LVRJ: Titus urges House leaders to block any effort to revive Yucca Mountain

Any funding put towards the Yucca Mountain licensing process is a waste of resources.
A Nevada lawmaker urged House leaders not to allow any last-minute funding requests to be slipped into a final spending bill that would revive the licensing process for a nuclear waste repository at Yucca Mountain.
Rep. Dina Titus, D-Nev., sent a letter dated Nov. 28, to House Speaker Paul Ryan, Minority Leader Nancy Pelosi and the top Republican and Democratic lawmakers on the Appropriations Committee asking them to turn away any 11th-hour funding requests by supporters of the Yucca Mountain project.
The Nevada congresswoman did not cite any specific request being made, and noted that a spending bill for the Department of Energy without money for Yucca Mountain passed the House and Senate and was signed into law earlier this year by President Donald Trump.
The Trump administration and the House sought money to restart the licensing process on DOE’s application to build a permanent nuclear waste repository at Yucca Mountain, but the Senate stripped the funds from that spending bill.

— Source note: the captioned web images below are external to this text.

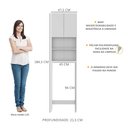 Ver imagem 3 de Armário de Banheiro para Vaso Sanitário com 2 Portas Multimóveis Branco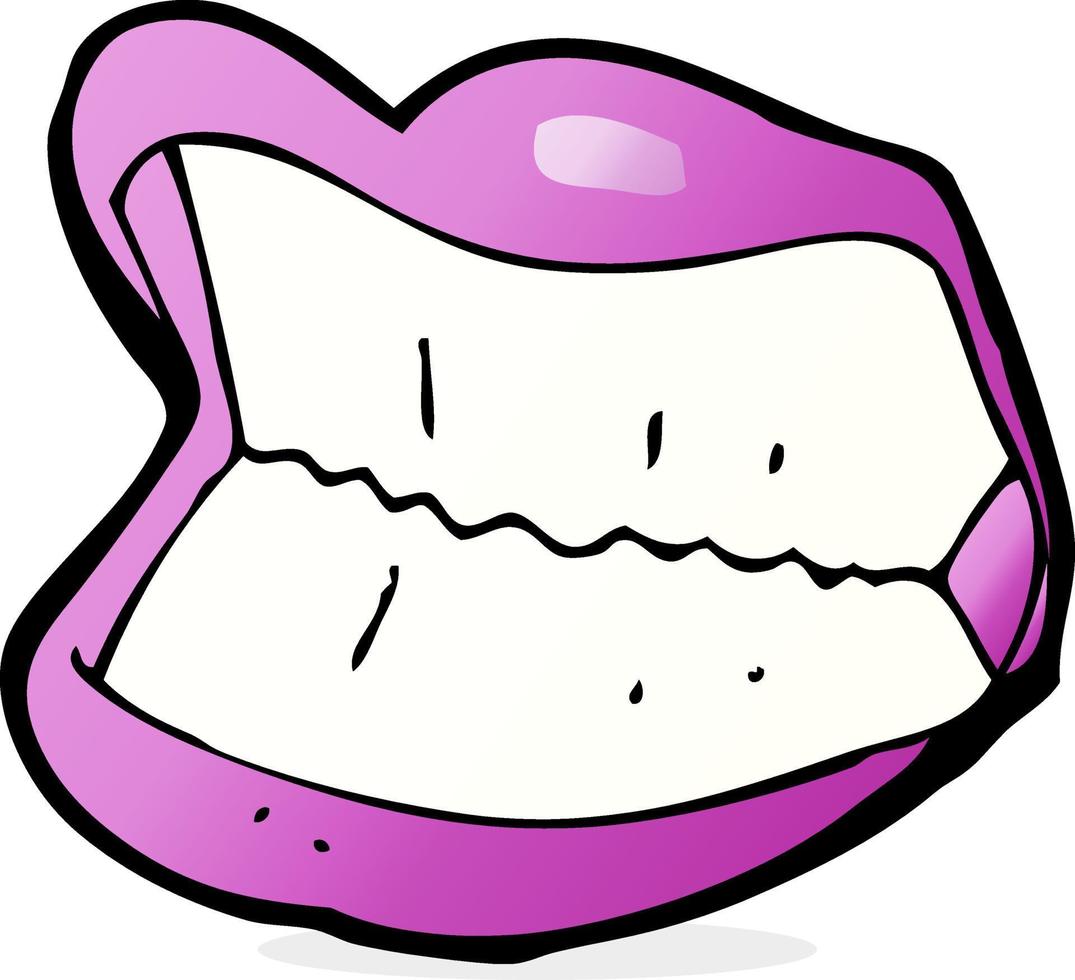 cartoon grinning mouth vector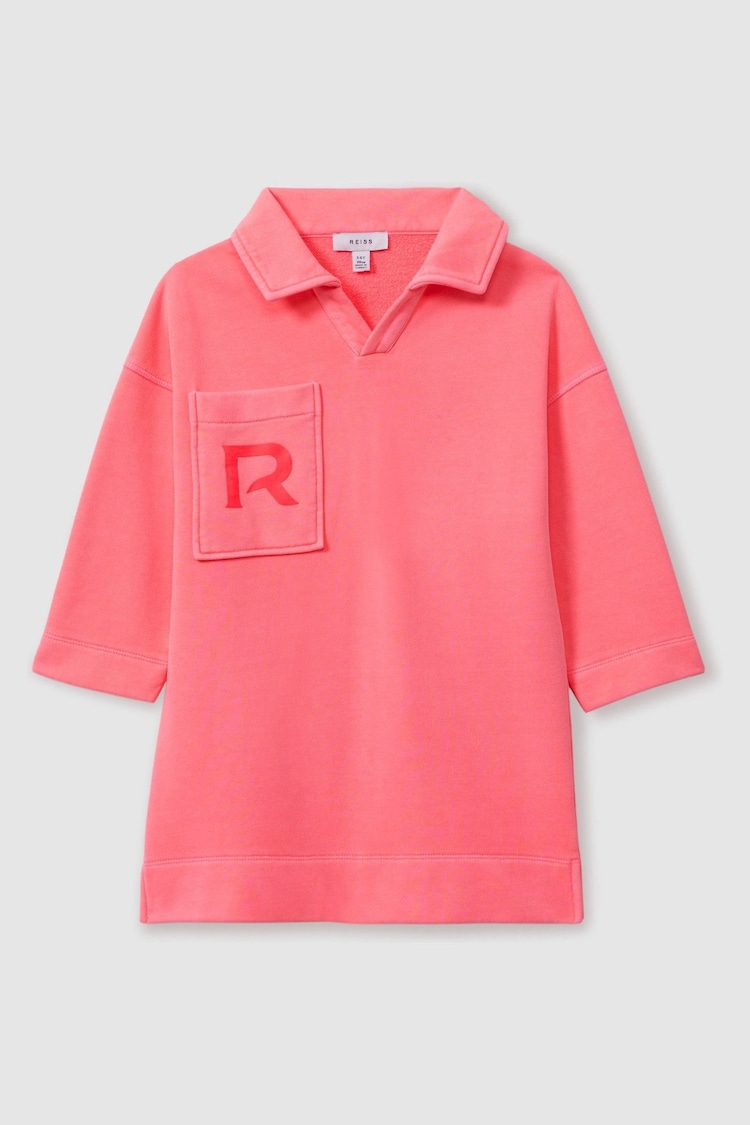 Reiss Bright Pink Natasha 9-13 yrs Open-Collar Jumper Dress - Image 1 of 1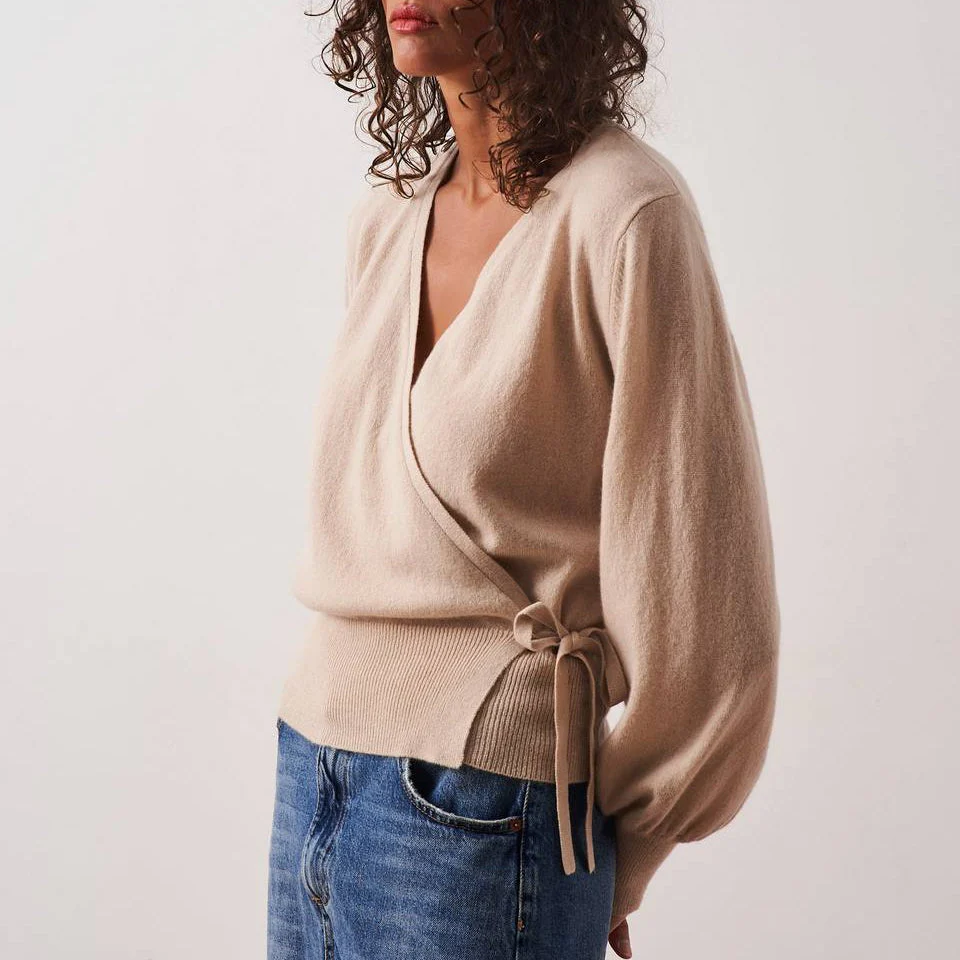 Cardigan Cache Coeur Belinda - Sand - 100% Cachemire 12Gg - Femme - Image 7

“Any funding put towards the Yucca Mountain licensing process is a waste of resources,” Titus said in the letter.
Yucca Mountain was designated by Congress in 1987 as the site for permanent nuclear waste storage created by power plants.
The licensing process was defunded under President Barack Obama at the behest of then-Sen. Harry Reid, D-Nev.
Nevada Gov. Brian Sandoval, the entire congressional delegation and Las Vegas business leaders are opposed to federal efforts to develop a permanent nuclear waste site at Yucca Mountain.
Nye County, where Yucca Mountain is located, and other rural counties support the licensing process to determine if the location is safe for nuclear waste storage. Supporters say development of a nuclear waste facility could bring high-paying federal jobs, contractors and tax revenue to the region.
But opponents claim that transporting nuclear waste through the state and storing it in an active seismic area just 90 miles from Las Vegas would put the state’s largest population center at risk and cripple the gaming and tourism industry.